On July 14, 2009, these spider pods were lowered by cable from a helicopter hovering about 100 feet up (30 meters) and gently put in hot spots inside and around the volcano crater.

"This project demonstrates that a low-cost sensor network system can support real-time monitoring in extremely challenging environments," said WenZhan Song of Washington State University Vancouver. Song is the principal investigator for this NASA-funded technology research project, which also draws on participation from the U.S. Geological Survey and from NASA's Jet Propulsion Laboratory, Pasadena, Calif.

These robotic emissaries were built to go where no human can and operate in extreme temperatures and treacherous terrain. Fifteen pods form a virtual wireless network, communicating with each other and the Earth Observing-1 (EO-1) satellite, operated by NASA's Goddard Space Flight Center, in Greenbelt, Md.

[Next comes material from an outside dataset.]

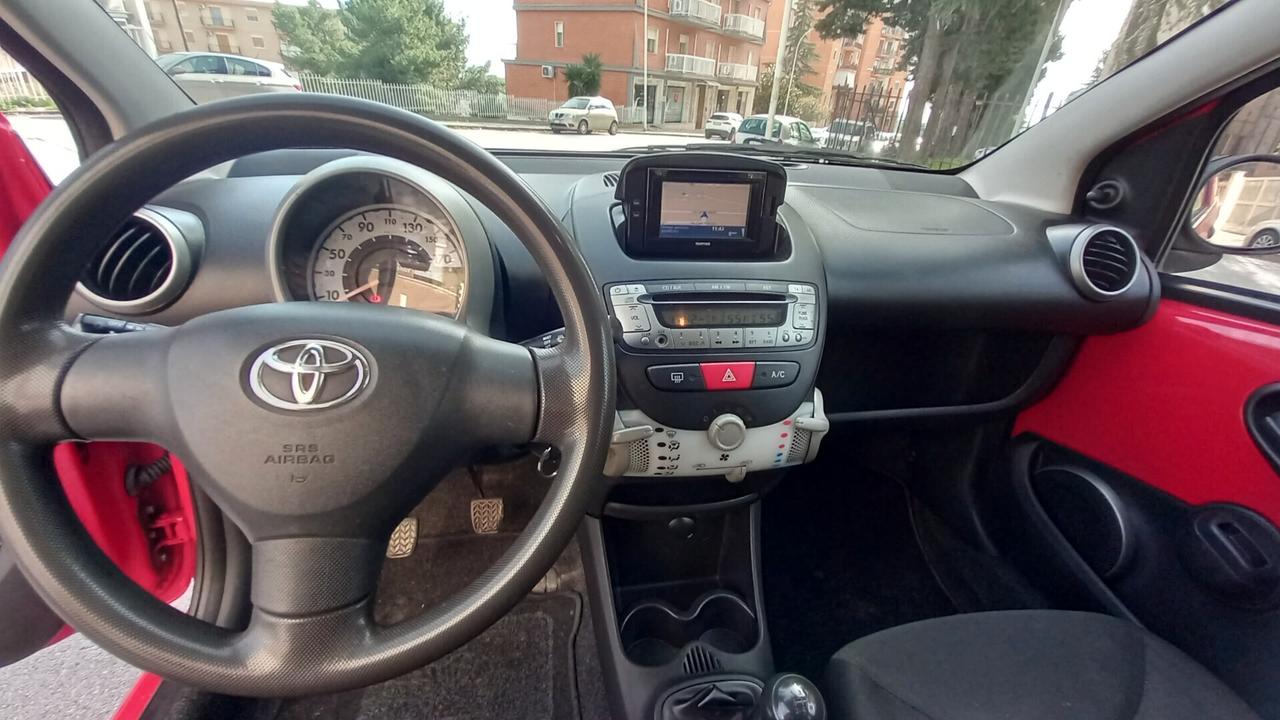 Toyota Aygo 1.0 12V VVT-i 3 porte Lounge Connect MMT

"Taking data from the ground onsite and from above by satellite gives you a great picture of what is going on inside the volcano," said Steve Chien, principal scientist for autonomous systems at JPL.

Each pod contains a seismometer to detect earthquakes; a GPS receiver to pinpoint the exact location and measure subtle ground deformation; an infrared sounder to sense volcanic explosions; and a lightning detector to search for ash cloud formation. The main instrument box is the size and shape of a microwave oven. It sits on top of a three-legged tripod, which is why scientists call them spiders. The pods are powered by batteries that can last for at least a year.
A sensor like this is being placed inside and around the mouth of Mount St. Helens. One day it may be used to respond rapidly to an impending eruption

"With these high-tech instruments, we can rapidly respond during periods of volcanic unrest to supplement our permanent monitoring network or quickly replace damaged stations without excessive exposure to personnel," said Rick LaHusen, an instrumentation engineer with the U.S. Geological Survey's Cascades Volcano Observatory, Vancouver, Wash.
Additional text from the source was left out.